(THE RECORDS begins)

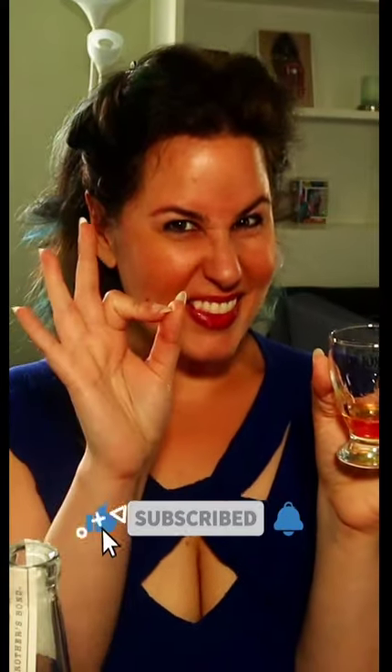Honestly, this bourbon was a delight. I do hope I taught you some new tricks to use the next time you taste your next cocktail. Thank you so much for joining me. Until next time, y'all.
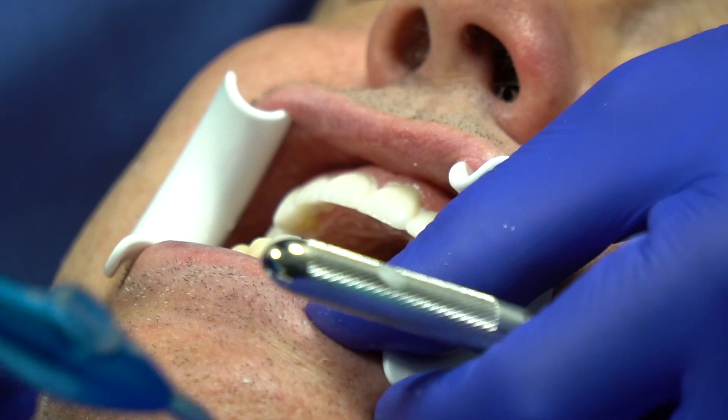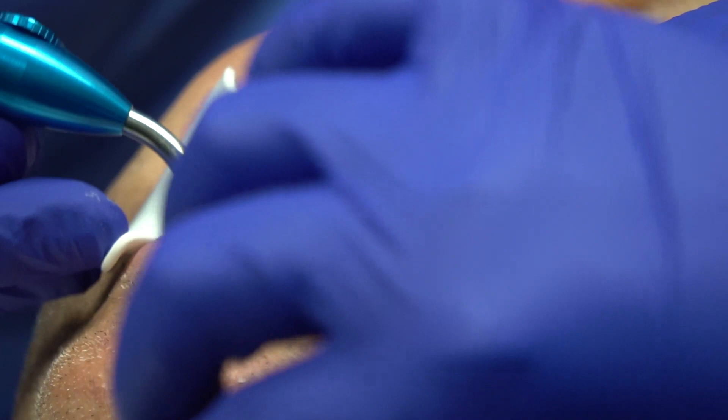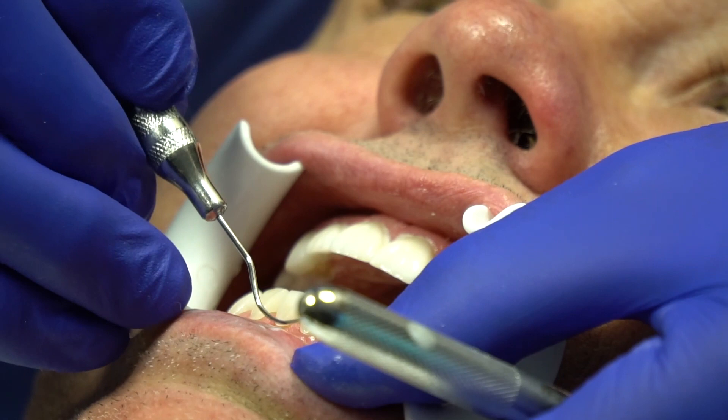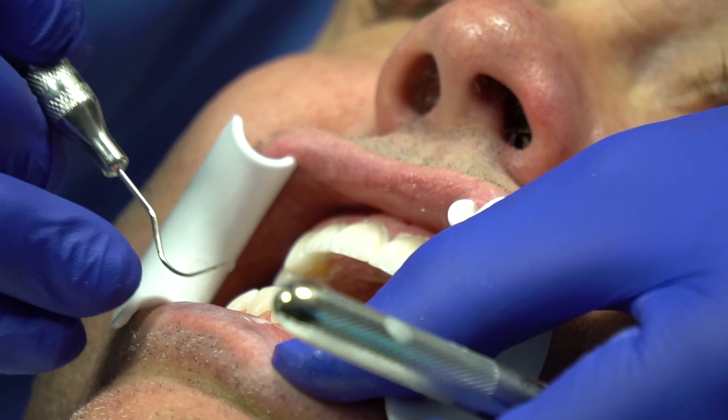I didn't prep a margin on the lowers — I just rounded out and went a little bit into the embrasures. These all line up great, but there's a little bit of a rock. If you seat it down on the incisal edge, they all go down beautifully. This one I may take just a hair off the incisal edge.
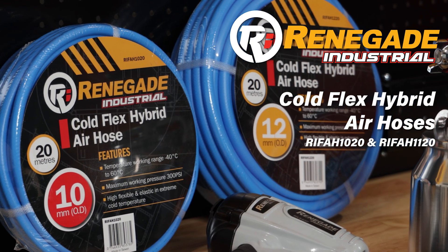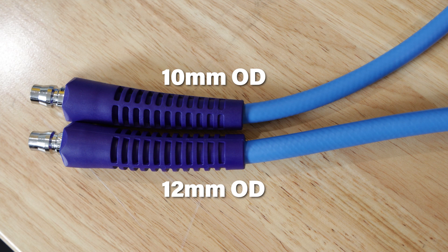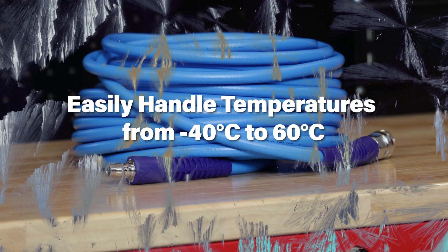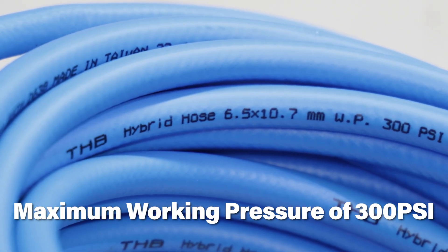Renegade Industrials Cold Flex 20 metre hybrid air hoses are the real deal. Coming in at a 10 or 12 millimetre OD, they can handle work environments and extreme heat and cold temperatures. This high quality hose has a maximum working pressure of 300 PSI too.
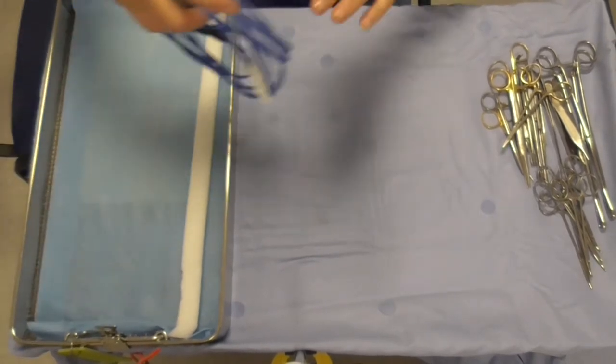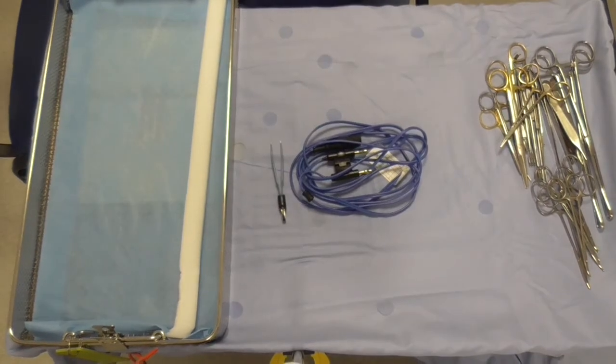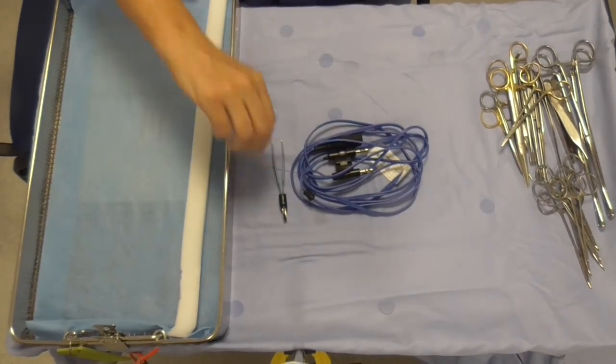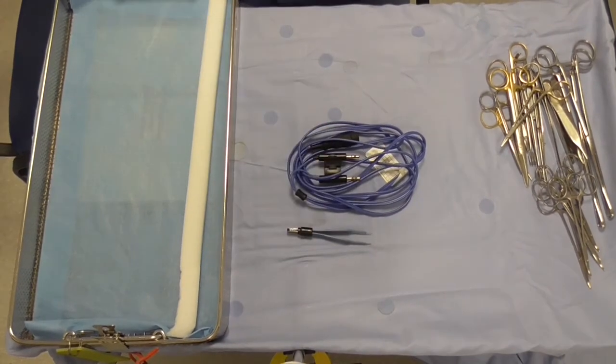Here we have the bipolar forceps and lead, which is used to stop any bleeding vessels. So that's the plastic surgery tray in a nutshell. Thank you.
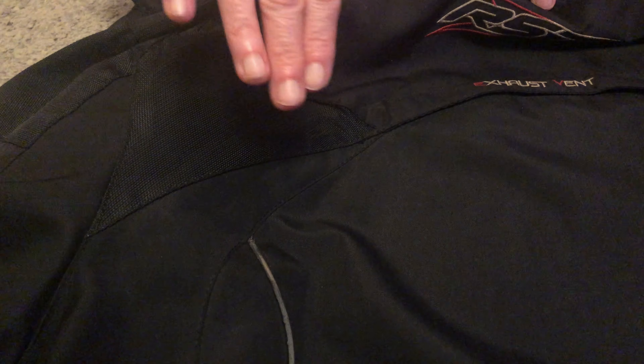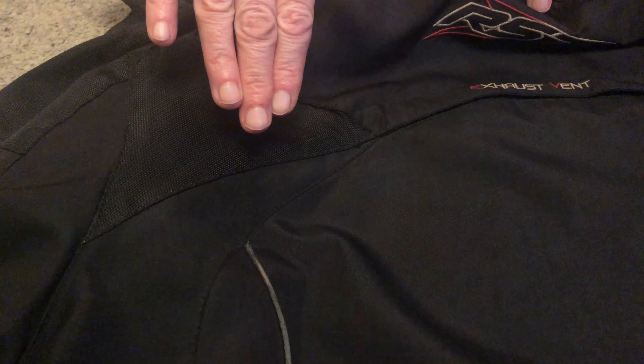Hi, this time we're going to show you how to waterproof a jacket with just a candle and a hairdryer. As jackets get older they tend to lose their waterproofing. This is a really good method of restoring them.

(THE RECORDS ends)

_WORK INSTRUCTIONS_
The records above are to be repeated exactly, with the pictures left out.

_PROBLEM SOLUTION_
Honestly, this bourbon was a delight. I do hope I taught you some new tricks to use the next time you taste your next cocktail. Thank you so much for joining me. Until next time, y'all.
I didn't prep a margin on the lowers — I just rounded out and went a little bit into the embrasures. These all line up great, but there's a little bit of a rock. If you seat it down on the incisal edge, they all go down beautifully. This one I may take just a hair off the incisal edge.
Renegade Industrials Cold Flex 20 metre hybrid air hoses are the real deal. Coming in at a 10 or 12 millimetre OD, they can handle work environments and extreme heat and cold temperatures. This high quality hose has a maximum working pressure of 300 PSI too.
Here we have the bipolar forceps and lead, which is used to stop any bleeding vessels. So that's the plastic surgery tray in a nutshell. Thank you.
Hi, this time we're going to show you how to waterproof a jacket with just a candle and a hairdryer. As jackets get older they tend to lose their waterproofing. This is a really good method of restoring them.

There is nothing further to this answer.